Activity:
Please output every line of the material as it stands, without the pictures.

*** Opening of Dataset content ***

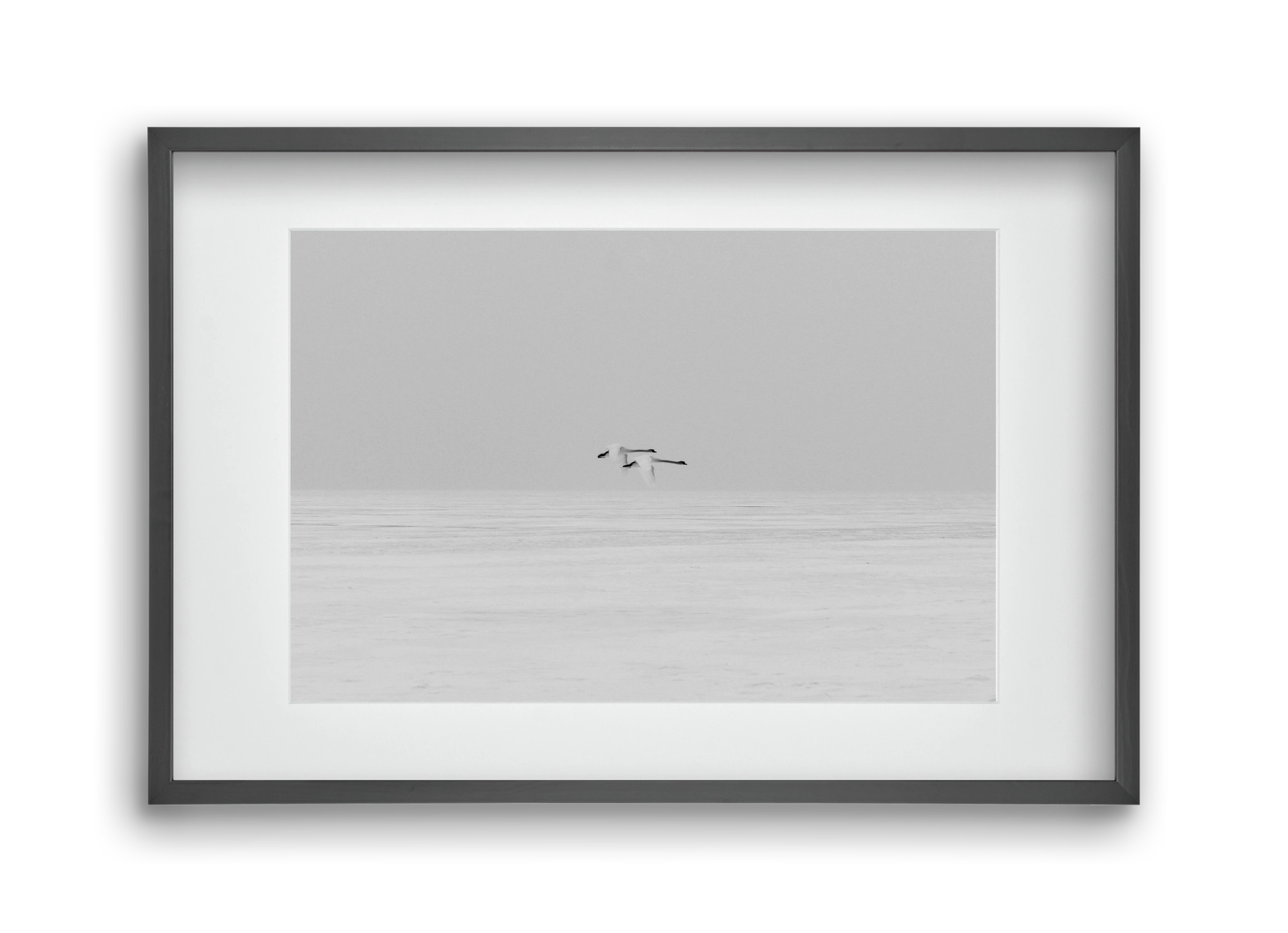 Parallel , 45x30 cm (30x20 cm), Fekete keret, paszpartuval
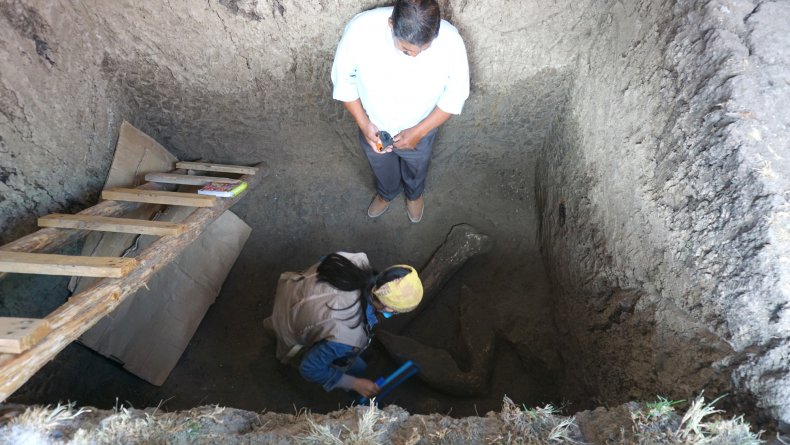 Mammoth bones found in Mexico patio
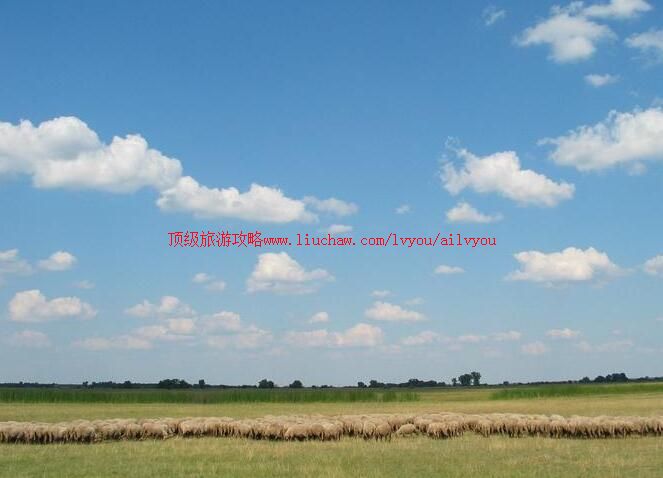 匈牙利霍尔托巴吉国家公园旅游攻略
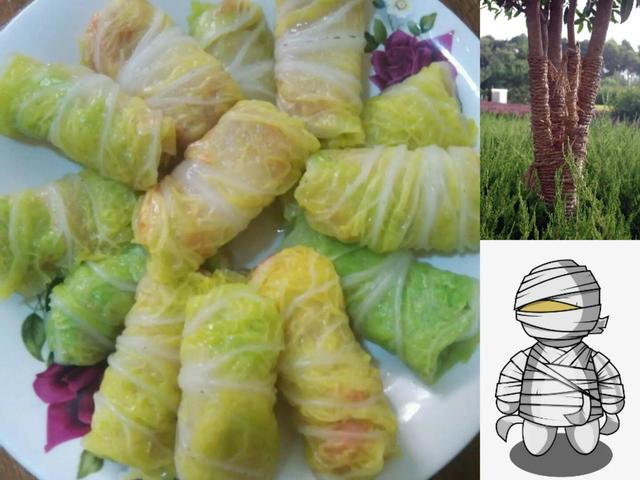 字母r可以想象成什么，wr字母组合的形象和含义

*** Close of Dataset content ***

Problem solution:
 Parallel , 45x30 cm (30x20 cm), Fekete keret, paszpartuval
 Mammoth bones found in Mexico patio
 匈牙利霍尔托巴吉国家公园旅游攻略
 字母r可以想象成什么，wr字母组合的形象和含义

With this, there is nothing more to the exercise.